Now and indefinitely (at least through summer 2020), Harvard is using remote work as a key strategy to sustain operational continuity while reducing density and exposure for those who must work on campus during the Coronavirus/COVID-19 public health emergency.
In recent months, departments and units across Harvard have implemented or “scaled up” telework under these circumstances. The information here contains basic principles and best practices that support successful telework under normal conditions, and provide guidance for employees and managers to sustain effective telework now.
You will find highlighted resources that can support teams’ decision-making processes, and places to abbreviate or modify current practices in the new Telework Continuity Toolkit.
- While the principles that govern the University’s guidelines emphasize the need for a written proposal, this sometimes lengthy process can be abbreviated or eliminated.
- Under emergency conditions, departments and units may instead need to focus on developing a communications plan that supports business continuity while teleworking.
- The guidelines stress the importance of maintaining the social connections that are often important to successful teams. Social distancing measures make this challenging. Try thinking about it this way: what we need now is physical spacing and social connectivity.
- The Get Ready to Work Remotely site provides HUIT’s introduction to the tools and resources you’ll need for productive remote work, including information security requirements for your personal devices.
- All employees must still follow Harvard’s information security policy and consider which of three secure configuration options will best serve remote work during what could be a protracted period.
- HUIT's Work Securely Everywhere flyer offers tips to ensure a secure work from home experience.
- Under non-emergency circumstances, engaging in substantial non-Harvard activities is not permitted when teleworking. Now, however, Harvard realizes that closed schools and disruptions of care arrangements may mean that employees must balance work with family caregiving tasks. Harvard's temporarily-amended policies on use of paid time off are intended to provide needed flexibility to do so.
The SOURCE Program: SOURCE (Subsidy for Occasional, Unplanned, and Respite Care Expenses) is a reimbursement program that helps income-eligible employees work when child or adult care is unavailable.
Harvard’s Employee Assistance Program: Harvard’s EAP, provided by KGA, has counselors available 24/7 to help. Note: KGA is now offering both telehealth counseling and chat options. KGA can also assist in identifying local care providers to meet back-up care needs. Register on their website for articles, resources, tools, and training programs. The EAP is just a phone call away: 877-327-4278 (877-EAP-HARV).

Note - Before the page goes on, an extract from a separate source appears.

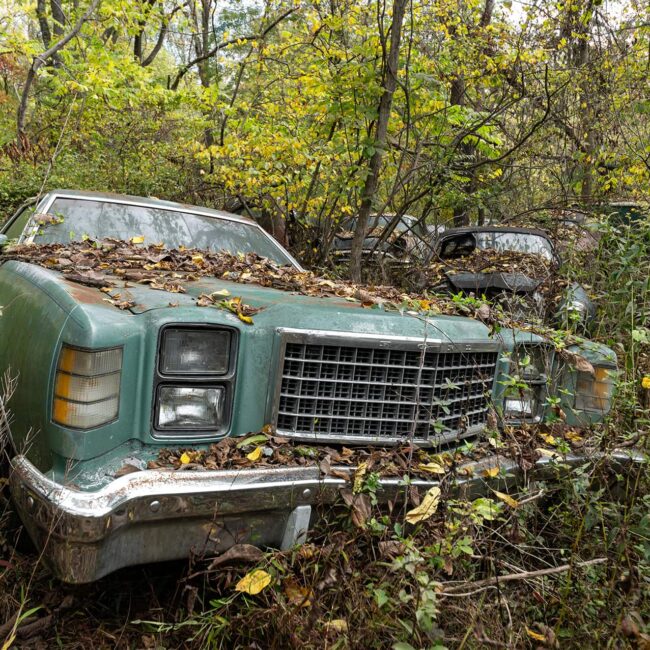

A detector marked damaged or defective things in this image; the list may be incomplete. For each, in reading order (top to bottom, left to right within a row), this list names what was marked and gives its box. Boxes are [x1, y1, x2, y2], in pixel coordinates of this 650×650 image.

abandoned green car [1, 190, 624, 580]
second abandoned car [1, 190, 624, 580]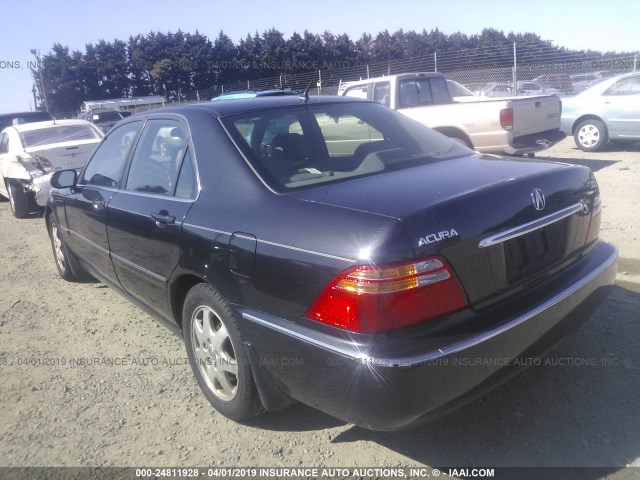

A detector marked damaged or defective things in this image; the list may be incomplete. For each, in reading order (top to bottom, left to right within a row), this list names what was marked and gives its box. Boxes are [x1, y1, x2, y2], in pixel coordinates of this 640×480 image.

Care@Work: Benefits-eligible faculty and staff have access to pre-vetted back-up care, senior care advising, and the Care.com digital platform with thousands of resources for self-directed searches. Note: You must register in advance to use their services; when you do, you will have access to new protocols and requirements regarding in home back-up care to protect everyone’s health during the coronavirus outbreak.
Mindfulness at Work: Harvard University provides a variety of mindfulness meditation classes throughout the year. Benefits of meditation include increases in concentration, productivity, physical and psychological resilience, and the ability to respond skillfully to stressful situations. Meditation is also effective in decreasing depression, physical pain, emotional reactivity, and reliance on unhealthy coping behaviors. The Ten Percent Happier App has also been made available at no charge for benefits-eligible faculty and staff.